Classification of all genic content and repetitive loci within Vvill1.0 was performed to increase its utility as a genomic resource. A list of canonical V. villosa repetitive elements was generated de novo using the EDTA version 2.0.0 software tool (RRID:SCR_022063) [51] with the “sensitive” setting to enable RepeatModeler (RRID:SCR_015027) recovery of transposable elements. The set of V. villosa canonical repetitive elements was then used as a custom library input to RepeatMasker version 4.0.6 (RRID:SCR_012954) [52], which was in turn used to soft-mask the Vvill1.0 assembly. The repetitive content was similar to the V. sativa reference assembly, with 81.1% of the assembly consisting of identified repeats in Vvill1.0 (Table 4), compared to the 83.9% repetitive content in V. sativa. Comparisons of repetitive element lengths revealed few discrepancies in repeat content between the two vetch assemblies with similar distributions of repeat fragment sizes for nearly all classes. A notable discrepancy was identified in the size distributions of miniature inverted-repeat transposable elements (MITE), where larger MITE_DTH and MITE_DTC elements were more prevalent in V. villosa and larger MITE_DTT elements were more prevalent in V. sativa (Figure 8). This suggests that differential expansion and amplification bursts of MITEs may have occurred in both lineages after their divergence.

Table 4.

Repetitive element content of V. villosa.
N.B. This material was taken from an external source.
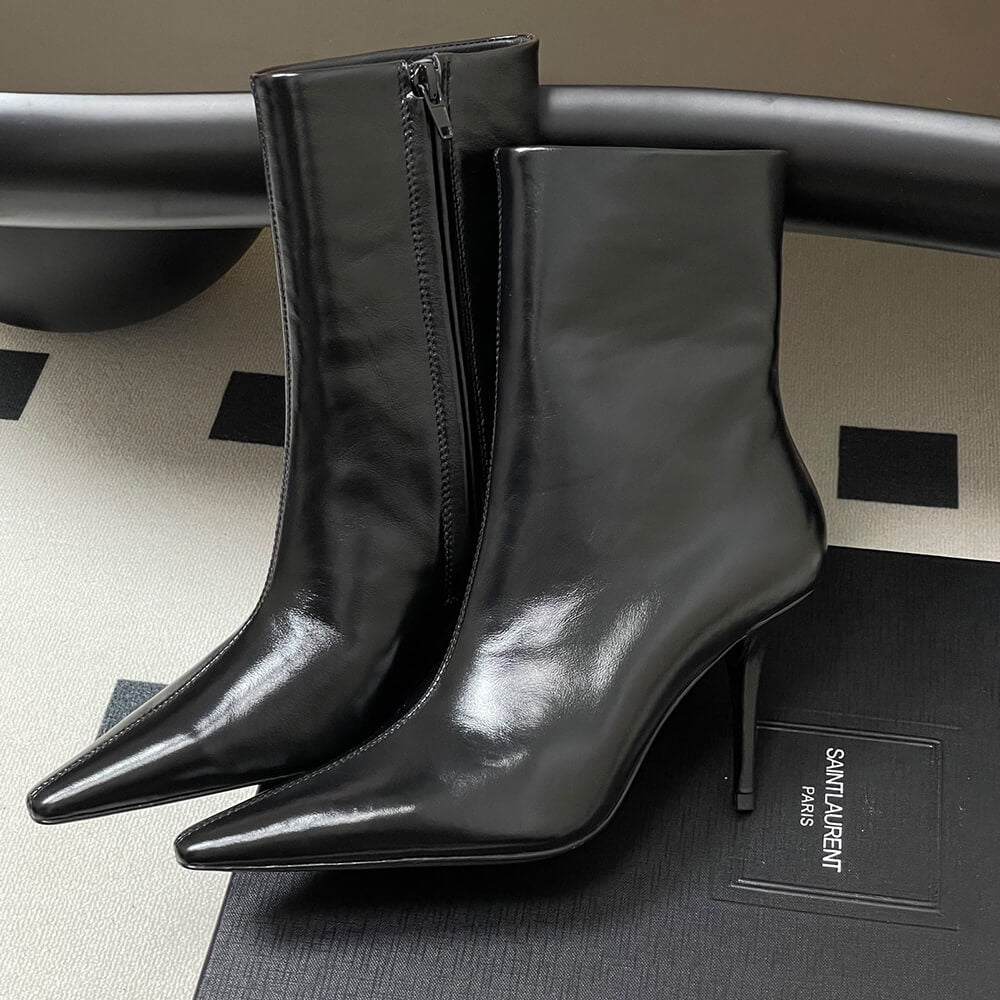 Ashley Booties in Smooth Leather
Repetitive elements Number Cumulative length (bp) Percentage of genome
Retroelementsa 1,080,921 830,932,491 60.0
LINEs 2,982 1,105,274 0.1
LTRs 1,077,939 829,827,217 59.9
DNA transposons 802,725 224,578,692 16.2
Unclassified 221,628 53,995,075 3.9
Simple repeats 193,714 11,729,117 0.9
Low complexity 30,795 1,617,938 0.1
Total 2,329,783 1,122,853,313 81.1

aLong interspersed nuclear elements (LINE), long terminal repeats (LTR).

Figure 8.

Figure 8.

Length distribution of MITE repeats in V. sativa and V. villosa. MITE families are indicated by a suffix after the underscore in each subplot’s title, and follow the Repbase (https://www.girinst.org/repbase/) naming classifications.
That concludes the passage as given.